Gallery secures Orpen portrait

 

A portrait of world-famous tenor John McCormack by one of Ireland’s most renowned artists was secured for the State today after the National Gallery snapped it up at auction.

The large 1923 painting by Sir William Orpen, which went on sale for the first time in more than 80 years, is expected to go on permanent display this summer in Dublin.

The National Gallery paid €404,600 or the piece, significantly less than the €680,000 (£600,000) it was expected to fetch.

Until now, the work was a cherished heirloom owned by the opera singer’s grandson, also Count John McCormack, having been passed down through generations within the family.

It will be hung in the national portrait collection of the National Gallery.
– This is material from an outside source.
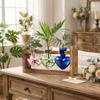 Wooden Stand Hydroponic Vase Transparent Flower Container Heart Shaped Glass Vase  Home Decoration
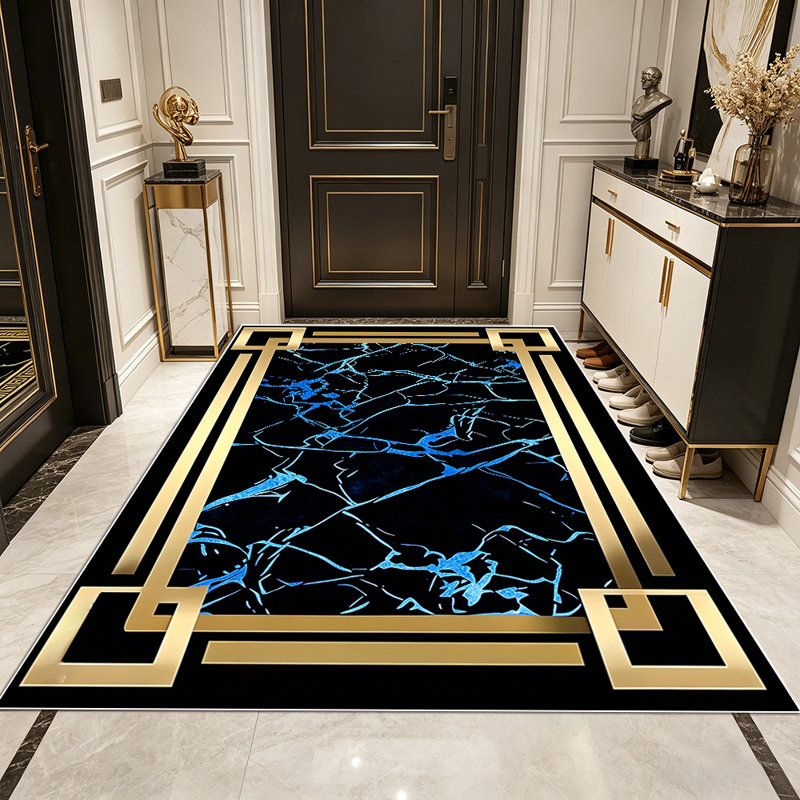 Light luxury art texture living room carpet, modern geometric frame design bedroom carpet, household soft decoration carpet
Bernard Williams, of Christie’s auctioneers, said the painting is one of Orpen’s best to go under the hammer in recent times.

“The portrait has drawn great admiration at our previews in Dublin and London and Christie’s is pleased to have facilitated this acquisition which enables the painting to remain in Ireland and be enjoyed by the public.”

The 127 x 102 cms painting was completed the same year McCormack finished his 12 years as an opera singer, to forge out a hugely successful career as an international recording artist.

The Athlone man became known the world over for his renditions of popular and sentimental songs.

Such was his fame and wealth that he owned apartments in New York and London, while leasing Moore Abbey at Monasterevin, Co Kildare.

A life-sized bronze statue of the singer stands in Iveagh Gardens, behind the National Concert Hall in Dublin.

Orpen was born in Dublin in 1878 and spent most of his working life in London. He was renowned for his portraits of society figures in the early 20th century, including Edward, Prince of Wales, and Winston Churchill.

He is also revered for his work as an official war artist depicting the horror of the first World War.

He was knighted in 1918 for his services as a war artist.

The most recent major retrospective show of his work was held in 2005 at the Imperial War Museum in London and at the National Gallery of Ireland.

This comprised some 70 oils and a "comprehensive presentation of his illustrated letters and sketches", according to the National Gallery.

The entire collection (366) of Orpen’s letters and sketches which were donated to the gallery in 1974 by Vivien Graves, daughter of Mrs Evelyn St. George have been digitized under the gallery's 'artsearch' programme.

The portrait of McCormack went under the hammer at the Christie’s Irish and Sporting Art sale in London.

Among the other lots was Belfast-born Paul Henry’s Sunshine in Kerry,which sold for €176,120.